Physicians for Human Rights in DRC

International Human Rights | Special Initiative

5 March 2019

Photo: © Physicians for Human Rights

Sometimes, success is measured by how firmly you hold the line.

In December 2017, survivors of sexual violence in the Democratic Republic of the Congo (DRC) witnessed a milestone in justice. In a landmark judgement, a mobile court convicted 11 men, including a sitting member of a provincial parliament, of crimes against humanity for raping dozens of young girls in the village of Kavumu, and sent them to prison for life. It was the first ruling of its kind in Congolese history.

Oak’s partner Physicians for Human Rights (PHR) was elated that the court held powerful men to account and that the survivors obtained justice. But as human rights defenders the world over know, successes seldom go unchallenged. It wasn’t long before this landmark victory was contested – the Kavumu verdict was appealed in July 2018.

People in the human rights world fight every day to ensure that hard-won victories on behalf of victims and survivors are not reversed. Each day they fight to preserve these gains for health and human dignity, and they must be careful never to become complacent, even following unambiguous successes. A policy that protects the vulnerable against abuses of power could be adopted today, but summarily revoked tomorrow – sometimes openly, and sometimes in secrecy. Fighting for human rights can sometimes seem like an endless struggle, where even as one battle is won, another hard-won gain is eroded.

In July 2018, PHR exhaled and rejoiced as a DRC appeals court upheld the original Kavumu convictions against lawmaker Frederic Batumike and the militia members he directed. These men have been since imprisoned.
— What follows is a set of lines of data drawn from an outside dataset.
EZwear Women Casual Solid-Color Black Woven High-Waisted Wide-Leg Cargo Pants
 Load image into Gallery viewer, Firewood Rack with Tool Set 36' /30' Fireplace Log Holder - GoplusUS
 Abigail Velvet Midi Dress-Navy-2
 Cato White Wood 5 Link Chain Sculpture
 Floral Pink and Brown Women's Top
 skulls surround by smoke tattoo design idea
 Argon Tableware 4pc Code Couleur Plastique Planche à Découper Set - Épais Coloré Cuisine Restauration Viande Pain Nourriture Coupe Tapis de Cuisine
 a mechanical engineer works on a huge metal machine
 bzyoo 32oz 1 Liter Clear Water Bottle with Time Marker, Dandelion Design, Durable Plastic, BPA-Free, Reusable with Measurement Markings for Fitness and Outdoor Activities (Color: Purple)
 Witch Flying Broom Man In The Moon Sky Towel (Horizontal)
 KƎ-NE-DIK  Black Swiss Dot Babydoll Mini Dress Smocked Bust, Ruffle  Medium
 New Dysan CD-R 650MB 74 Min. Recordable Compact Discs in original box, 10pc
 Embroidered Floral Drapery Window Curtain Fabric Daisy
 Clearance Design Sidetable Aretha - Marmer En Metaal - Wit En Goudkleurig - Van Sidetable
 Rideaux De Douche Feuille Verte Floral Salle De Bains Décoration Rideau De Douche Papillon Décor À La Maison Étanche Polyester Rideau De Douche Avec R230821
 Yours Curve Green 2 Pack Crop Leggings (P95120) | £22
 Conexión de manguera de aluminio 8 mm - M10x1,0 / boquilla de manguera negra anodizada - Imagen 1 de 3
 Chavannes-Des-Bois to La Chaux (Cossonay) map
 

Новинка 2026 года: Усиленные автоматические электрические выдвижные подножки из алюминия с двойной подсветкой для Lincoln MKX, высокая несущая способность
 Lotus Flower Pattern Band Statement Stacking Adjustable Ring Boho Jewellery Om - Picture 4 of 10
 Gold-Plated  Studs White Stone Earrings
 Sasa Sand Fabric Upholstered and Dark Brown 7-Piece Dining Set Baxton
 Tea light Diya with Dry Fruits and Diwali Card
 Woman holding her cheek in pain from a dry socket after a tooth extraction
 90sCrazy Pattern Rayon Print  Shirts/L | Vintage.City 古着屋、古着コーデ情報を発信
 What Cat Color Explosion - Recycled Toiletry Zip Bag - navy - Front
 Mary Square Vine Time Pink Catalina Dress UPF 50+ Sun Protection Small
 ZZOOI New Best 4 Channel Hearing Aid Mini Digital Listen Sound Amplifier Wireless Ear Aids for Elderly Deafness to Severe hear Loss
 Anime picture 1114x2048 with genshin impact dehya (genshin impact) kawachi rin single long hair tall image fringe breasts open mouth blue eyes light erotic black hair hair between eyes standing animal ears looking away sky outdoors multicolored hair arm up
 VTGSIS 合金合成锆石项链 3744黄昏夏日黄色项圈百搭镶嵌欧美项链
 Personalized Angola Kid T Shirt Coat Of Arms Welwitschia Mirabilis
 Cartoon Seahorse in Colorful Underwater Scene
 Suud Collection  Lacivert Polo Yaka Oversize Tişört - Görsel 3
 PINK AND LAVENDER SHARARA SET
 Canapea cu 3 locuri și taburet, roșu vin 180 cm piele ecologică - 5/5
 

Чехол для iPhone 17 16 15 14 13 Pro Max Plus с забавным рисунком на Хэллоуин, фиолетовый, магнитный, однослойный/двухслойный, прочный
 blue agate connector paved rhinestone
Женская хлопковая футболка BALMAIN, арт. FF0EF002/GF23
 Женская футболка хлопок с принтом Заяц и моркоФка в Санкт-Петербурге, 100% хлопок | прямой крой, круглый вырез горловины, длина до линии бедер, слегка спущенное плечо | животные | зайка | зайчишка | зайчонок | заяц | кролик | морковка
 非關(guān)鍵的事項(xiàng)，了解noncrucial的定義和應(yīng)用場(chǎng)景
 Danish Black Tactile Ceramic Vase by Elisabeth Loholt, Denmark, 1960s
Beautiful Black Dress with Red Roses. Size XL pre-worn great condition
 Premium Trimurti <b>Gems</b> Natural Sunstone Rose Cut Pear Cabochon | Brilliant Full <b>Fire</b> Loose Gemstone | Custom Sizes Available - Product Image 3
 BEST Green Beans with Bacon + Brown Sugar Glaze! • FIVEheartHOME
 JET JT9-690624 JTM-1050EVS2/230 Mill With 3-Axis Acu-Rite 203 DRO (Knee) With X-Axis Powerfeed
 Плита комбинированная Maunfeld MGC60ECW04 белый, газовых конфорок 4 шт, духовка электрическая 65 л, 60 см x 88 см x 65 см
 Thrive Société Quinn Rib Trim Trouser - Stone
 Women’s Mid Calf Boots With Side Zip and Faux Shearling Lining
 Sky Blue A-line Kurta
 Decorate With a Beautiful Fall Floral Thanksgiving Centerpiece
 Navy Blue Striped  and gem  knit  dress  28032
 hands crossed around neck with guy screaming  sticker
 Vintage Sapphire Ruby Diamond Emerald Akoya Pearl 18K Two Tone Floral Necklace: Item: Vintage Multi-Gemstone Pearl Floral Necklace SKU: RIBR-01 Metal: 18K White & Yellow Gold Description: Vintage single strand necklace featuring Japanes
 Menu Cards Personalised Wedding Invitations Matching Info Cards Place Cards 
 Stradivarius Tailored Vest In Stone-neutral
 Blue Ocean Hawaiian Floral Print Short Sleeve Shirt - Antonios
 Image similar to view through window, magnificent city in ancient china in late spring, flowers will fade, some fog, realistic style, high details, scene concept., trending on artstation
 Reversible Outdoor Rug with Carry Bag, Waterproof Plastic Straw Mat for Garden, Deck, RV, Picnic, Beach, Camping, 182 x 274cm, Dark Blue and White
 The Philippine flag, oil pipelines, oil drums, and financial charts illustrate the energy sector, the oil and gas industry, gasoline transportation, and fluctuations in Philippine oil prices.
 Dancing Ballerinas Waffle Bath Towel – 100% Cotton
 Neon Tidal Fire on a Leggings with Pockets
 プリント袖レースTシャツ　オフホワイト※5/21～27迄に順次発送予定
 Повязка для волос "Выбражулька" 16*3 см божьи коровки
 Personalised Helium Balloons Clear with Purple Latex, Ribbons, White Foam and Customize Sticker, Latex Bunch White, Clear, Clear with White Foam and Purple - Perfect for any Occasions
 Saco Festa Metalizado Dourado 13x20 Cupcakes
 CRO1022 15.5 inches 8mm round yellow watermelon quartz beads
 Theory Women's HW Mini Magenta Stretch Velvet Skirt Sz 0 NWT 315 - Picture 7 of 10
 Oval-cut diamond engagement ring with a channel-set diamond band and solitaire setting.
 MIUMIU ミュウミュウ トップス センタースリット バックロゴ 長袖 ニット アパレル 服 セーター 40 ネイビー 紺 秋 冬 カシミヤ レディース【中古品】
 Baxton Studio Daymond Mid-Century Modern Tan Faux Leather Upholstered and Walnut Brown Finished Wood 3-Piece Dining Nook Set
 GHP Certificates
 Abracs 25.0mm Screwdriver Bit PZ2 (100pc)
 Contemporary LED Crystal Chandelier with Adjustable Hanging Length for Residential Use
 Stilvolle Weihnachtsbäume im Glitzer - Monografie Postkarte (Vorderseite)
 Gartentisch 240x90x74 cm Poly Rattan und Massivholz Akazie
This victory provides inspiration to continue the fight and to ensure that whatever gains are made – whether by a vote, a policy, a resolution, or a ruling – are never reversed, but rather, built upon. They are a constant reminder to human rights activists never to be idle, but to anticipate rollbacks and be ready to fight back with the tools they’ve always used – evidence, facts, and survivors’ testimonies. Because, at the moment, preventing the reversal or rollback of rights is the only way to continue defending established human rights successes.